Amikacin 250mg/ml Solution for Injection/Infusion

• Keep this leaflet. You may need to read it again.
• If you have any further questions, ask your doctor or pharmacist.
• This medicine has been prescribed for you only. Do not pass it on to others. It may harm them, even if their signs of illness are the same as yours.
• If you get any side effects, talk to your doctor or pharmacist. This includes any possible side effects not listed in this leaflet. See section 4.

1. What Amikacin is and what it is used for
2. What you need to know before you use Amikacin
3. How to use Amikacin
4. Possible side effects
5. How to store Amikacin
6. Contents of the pack and other information

• if you are allergic to amikacin or any of the other ingredients of this medicine (listed in section 6).
• if you are allergic to other aminoglycoside antibiotics.

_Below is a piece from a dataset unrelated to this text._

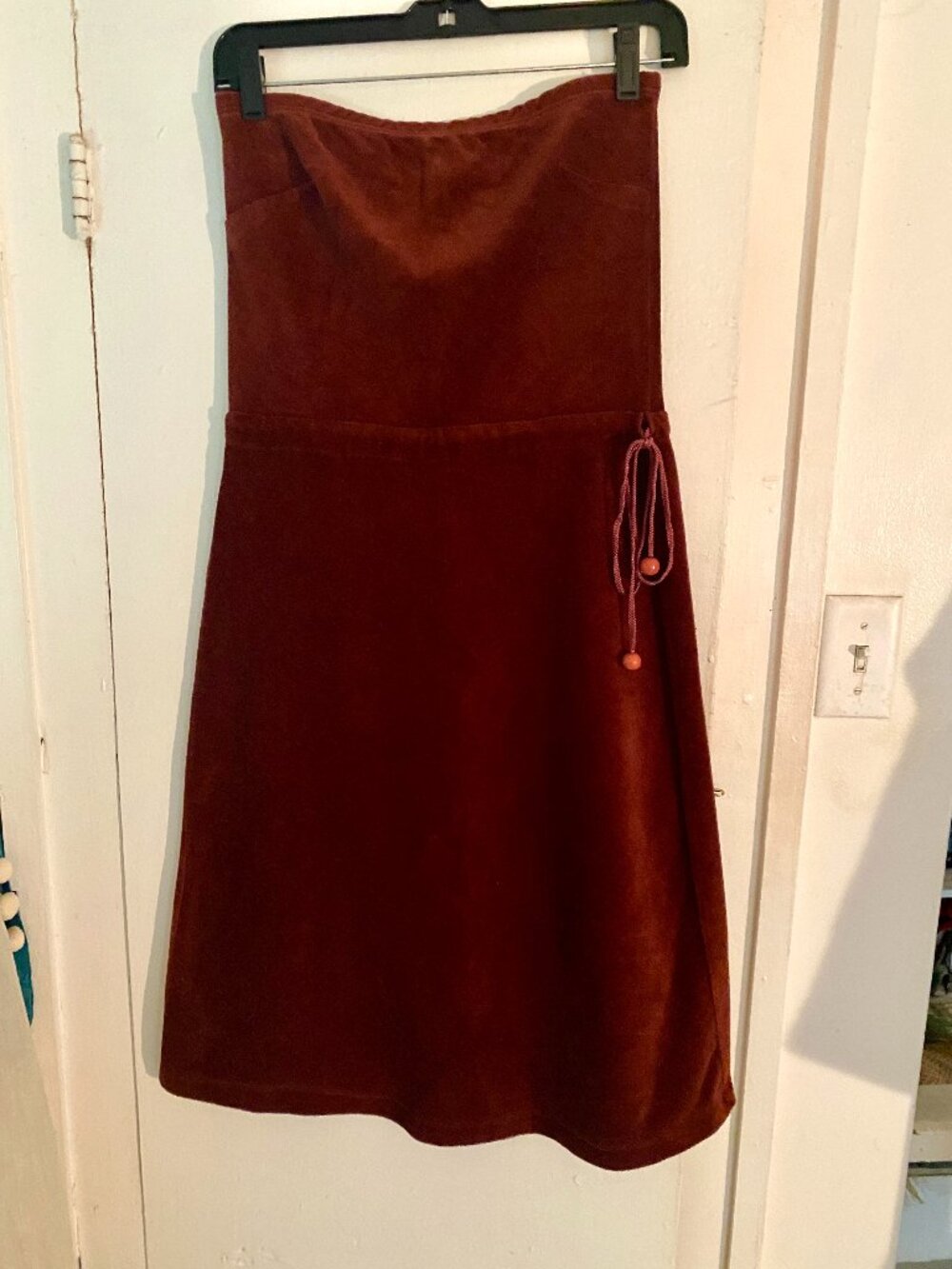 Grey Antics 1970's Style Velour Tube Dress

Please talk to your doctor or pharmacist before being given Amikacin, especially:

• if you have previous kidney problems (impaired renal function).
• if you have a muscular disorder (e.g. Parkinson's disease).
• if you have hearing problems (inner ear injury).
• if you have balance disorders.
• if you are elderly.
• if you suffer from dehydration.
• if you are receiving concomitant anaesthetics (narcotics), neuromuscular blocking agents (such as suxamethonium, dexamethasone, atracurium, rocuronium or vecuronium) or a large blood transfusion (where citrate is added).
• if you are pregnant or breastfeeding.
• if the patient is a premature or newborn child, the excretion of this drug may be reduced due to the fact that kidney function is not fully developed.
• if you or your family members have a mitochondrial mutation disease (a genetic condition) or loss of hearing due to antibiotic medicines, you are advised to inform your doctor or pharmacist before you take an aminoglycoside; certain mitochondrial mutations may increase your risk of hearing loss with this product. Your doctor may recommend genetic testing before administration of Amikacin.

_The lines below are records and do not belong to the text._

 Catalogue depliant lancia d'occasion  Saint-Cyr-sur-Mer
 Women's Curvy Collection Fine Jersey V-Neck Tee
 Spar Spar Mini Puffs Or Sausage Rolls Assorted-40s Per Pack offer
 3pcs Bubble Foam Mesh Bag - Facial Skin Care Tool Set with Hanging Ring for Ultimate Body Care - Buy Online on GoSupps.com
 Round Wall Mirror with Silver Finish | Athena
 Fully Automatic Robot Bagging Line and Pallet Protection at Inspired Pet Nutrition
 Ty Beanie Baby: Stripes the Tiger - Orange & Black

Tell your doctor or pharmacist if you are taking, have recently taken or might take any other medicines.

Simultaneous and/or sequential treatment with medicines which are potentially toxic to the nervous system or the kidneys, such as cisplatin, cephalosporins, polymyxins, amphotericin B, cyclosporin, tacrolimus, bacitracin, cephaloridine, paramomycin, viomycin, colistin, vancomycin, ethacrynic acid, furosemide, other aminoglycosides or cytostatics, may lead to an exacerbation of toxicity.

Toxicity risks are higher in the elderly and patients who have lost a large amount of body fluid.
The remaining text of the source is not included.